Recently I wrote about a Jank, the programming language that is able to bring Cojure to the native world using LLVM. I also mentioned that Jank is not yet ready for production usage – and that is just true; it still have many bugs that prevent us to use it for more complex problems, and maybe even some simple ones.

That doesn’t mean we can’t try it, and see how bright the future might be.

At my last post I ended up showing in an example of a Ruby code. Later, after many problems trying to make something more complex, I finally was able to hack up some solution that bypasses some of the bugs that Jank still have.

And let me tell you, even in the pre-alpha stage that the language is, I can already see some very interesting things – the most important one being the “interactive development” of the native extension – or if you want to use the Ruby terms, monkey patching native methods.

Let’s start with some very simple code: a Ruby method that’s supposed to be written in a native language.

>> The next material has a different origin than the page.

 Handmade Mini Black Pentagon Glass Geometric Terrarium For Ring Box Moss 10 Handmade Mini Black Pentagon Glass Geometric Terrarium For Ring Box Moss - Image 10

I’m going to start using C++ because it’s the main way of doing that. For now, don’t worry about the details – it’s just a class creation with a method that just prints “hello word” in the screen:

#include <iostream>
#include <ruby.h>

static VALUE hello(VALUE self) {
  std::cout << "Hello, world!\n";
  return Qnil;
}

void define_methods() {
  VALUE a_class = rb_define_class("Jank", rb_cObject);
  rb_define_method(a_class, "hello", RUBY_METHOD_FUNC(hello), 0);
}

extern "C" void Init_jank_impl() {
  define_methods();
}

We should be able to port this directly to Jank by just translating from C++ to a Clojure-like syntax – should being the keyword here, because we can’t. There are a bunch of different bugs that prevents us from doing that right now:

  1. We can’t define the hello funcion, because we have no way to add type signatures to Jank functions. To bypass that, we have to define the method in C, using cpp/raw, which brings us to
  2. Using cpp/raw to define C++ functions doesn’t work – the code generated will somehow duplicate the method definition, so things won’t compile. We can solve that by using the same technique that C headers use – we use #ifndef and #define to avoid duplications
  3. Unfortunately, Jank doesn’t actually understand the callback method signature. It expects something that matches exactly the method signature, but for Ruby callbacks (of native functions) the C API sometimes use “type aliases” or “C preprocessors/macros”. We can also solve that, but we need to “cast” the C function with the “concrete” signature to the one with the “abstract” one so that Jank will be happier.
  4. Finally, Jank doesn’t understand C macros/preprocessors. So in some cases (for example, converting a Ruby string to a C one) we’ll also need to generate an “intermediate function” to solve the issue.

First experiments

With all that out of the way, we can actually do some experiments:

(ns ruby-ext)

(cpp/raw "
#ifndef JANK_HELLO_FN
#define JANK_HELLO_FN
#include <jank/c_api.h>
#include <ruby.h>

static VALUE jank_hello(VALUE self) {
  std::cout << \"Hello, world\\n\";
  return Qnil;
}

static auto convert_ruby_fun(VALUE (*fun)(VALUE)) {
  return RUBY_METHOD_FUNC(fun);
}

#endif
")

(defn init-ext []
  (let [class (cpp/rb_define_class "Jank" cpp/rb_cObject)]
    (cpp/rb_define_method class "hello" (cpp/convert_ruby_fun cpp/jank_hello) 0)))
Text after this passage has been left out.